In the past, several attempts have been made to build QSRR models on the prediction of RRT for PCBs on different stationary phases [36–43]. Hasan and Jurs  used the five-variable regression equation for prediction of GC-RRT of 209 PCBs with R2 = 0.997 and standard deviation of 0.017. Liu et al.  used the five-variable regression equation with R2 = 0.9928 and the root mean square errors of 0.0152 based on molecular electronegativity distance vector (MEDV) descriptors to correlate with the GC-RRTs of 209 PCB congeners on the SE-54 stationary phase. Ren et al.  using CODESSA software package and principal component analyzed (PCA) presented a QSRR study for the GC–GC–TOFMS (time-flight mass spectrometry) chromatographic relative retention time of 209 PCB congeners. PCA was used to recognize groups of samples with similar behavior and assist the separation of the data into training and test sets. Jäntschi et al.  reported the use of a molecular descriptors family (MDF) in QSRR modeling to predict the chromatographic relative retention times of 209 PCBs on a capillary column of SE-54.
In the preceding paper , several estimation models derived from the HRGC-RRT values of all 209 PCB congeners on the 18 stationary phases by a GA-based best multiple linear regression analysis with four optimal descriptors were proposed. The present work is focused on the successful application of a semi-empirical topological method for the prediction of the HRGC-RRTs 209 PCBs congener’s values on the same stationary phases. Selecting some semi-empirical chemical descriptors such as molecular volume (VM) and molecular surface area (SM) as well as the number of substituted chlorine atoms as descriptors, the QSRR models correlating to the RRTs of 209 PCB congeners are developed using the elimination selection stepwise best multiple linear regression (BMLR) analysis. It has been found that the QSRR models have not only high estimation qualities and high stabilities but also good predictive potentials.

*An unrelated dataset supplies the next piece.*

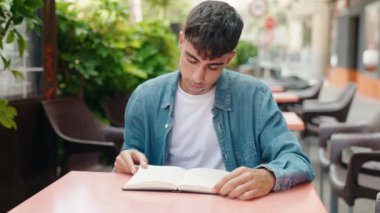 Kahve dükkanının terasında kitap okuyan genç bir İspanyol.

The observed HRGC-RRTs of 209 PCBs on 18 different stationary phases, 30m DB1, 30m SPB-Octyl, 60m SPB-Octyl, 100m CP-Sil5-C18, 30m DB5-MS, 60m RTX-5, 50m CP-Sil-13, 30m SPB-20, 30m HP-35, 60m RTX-35, 30m DB-17, 60m HP-1301, 30m DP-XLB, 30m DB-35-MS, 50m HT-8, 30m Apiezon L, 30m CNBP#2, 48m 007-23, reported by Frame [17, 35] served as experimental data in this study and the HRGC-RRTs designed as dependent variables. The structures of the PCBs together with their relative retention time values are listed in Table S1 (see Supplementary Material).
All calculations were run on a Pentium IV personal computer (CPU at 2.6 MB) under Windows XP operating system. The ISIS/Draw version 2.3 software was used for drawing the molecular structures . Molecular modeling and geometry optimization were employed by Hyperchem (version 7.1, HyperCube) . Dragon software  was employed for calculation of theoretical molecular descriptors. SPSS software (version 13.0, SPSS) (http://www.spss.com/) was used for stepwise MLR analysis and other calculations were performed in the MATLAB (version 7.0, Math Works) environment.

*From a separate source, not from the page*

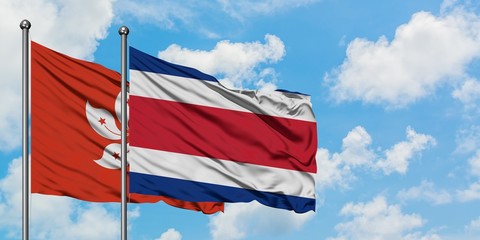 Hong Kong and Costa Rica flag waving in the wind against white cloudy blue sky together. Diplomacy concept, international relations.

To obtain QSRR models, PCB congeners must be represented using molecular descriptors. Descriptors are generated solely from the molecular structures and aimed to numerically encode meaningful features of each molecule. The calculation process of the molecular descriptors is described as below: all the two-dimensional structures of the molecules were drawn using ISIS/Draw 2.3 program . Then the 3D geometry structures of the molecules were pre-optimized using MM+molecular mechanics force filed and precisely optimized with semi-empirical AM1 method implemented in HyperChem software package (Hypercube, version 7.0) . All calculations were carried out at restricted Hartree–Fock level without configuration interaction. The molecular structures were optimized using the Polak–Ribiere algorithm until the root mean square gradient was 0.01 kcal Å mol−1 (200 K, gas phase). In order to prevent the structures locating at local minima, geometry optimization was run many times with different stating points for each molecule.

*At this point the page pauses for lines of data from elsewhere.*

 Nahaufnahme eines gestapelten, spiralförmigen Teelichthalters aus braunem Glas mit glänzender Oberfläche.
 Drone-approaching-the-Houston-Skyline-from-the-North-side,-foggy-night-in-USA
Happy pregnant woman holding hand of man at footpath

During this investigation, 22 molecular descriptors were studied to characterize all 209 PCB congeners. Among these, six quantum chemical descriptors, like the dipole moment of the molecules at X, Y and Z directions (μ), the standard heat of formation (ΔHfº), the energy of the highest occupied molecular orbital (EHOMO), the energy of the lowest unoccupied molecular orbital (ELUMO), EHOMO2, ELUMO2; 11 theoretical descriptors, molar mass (Mw), the natural logarithm of molar mass (lnMw), molecular volume (VM), molecular surface area (SM), molecular polarizability (α), hydration energy (He), total energy of the molecule (Etot), bending energy (Eben), electronic energy (Eele), nuclear energy (Enuc), molar refractivity (Rf); and the other five descriptors, the number of ortho-substituted chlorines (o-Cl), meta-substituted chlorines (m-Cl) and para-substituted chlorines (p-Cl), the root square of the number of chlorine substituents (Cl1/2) and the square number of chlorine substituents (Cl2), belonged to topological-type ones; were calculated by the HyperChem and Dragon programs. The number of these descriptors presented the electronic structure-related information. For instance, EHOMO imply the electron-donating ability, ELUMO denote electron-acceptance ability, μ refers to molecular dipolar property, ΔHfº is the heat released or absorbed (enthalpy change) during the formation of a pure substance from its elements at constant pressure. Some other descriptors revealed the molecular size and topological information such as Mw, o-Cl, m-Cl, and p-Cl. In addition, the logarithm transferation and square along with root square operations are to calculate a number of nonlinear components in linear model.
The calculated semi-empirical topological descriptors were collected in a data matrix (D) whose number of rows and columns were the number of molecules and descriptors. At the beginning, in order to minimize the information overlapping in descriptors and to reduce the number of descriptors required in regression equation, the concept of non-redundant descriptors (NRD)  was used in our study. That is, when two descriptors are correlated by a linear correlation coefficient value greater than 0.85, both descriptors are correlated with the dependent variables and the better correlation is used for the actual analysis, leaving out the descriptors showing a lower correlation. This objective-based feature selection left reduced and predictive descriptors for the studied compounds. By using these criteria, 17 out of 22 original descriptors were eliminated. These descriptors can give some information on the affecting degree for RRTs of different descriptors and well understanding the correlation between the experimental and calculated values. Therefore, o-Cl, m-Cl, p-Cl, and one of SM or VM set of descriptors has been used in the QSRR models for RRTs prediction on all capillary stationary phases.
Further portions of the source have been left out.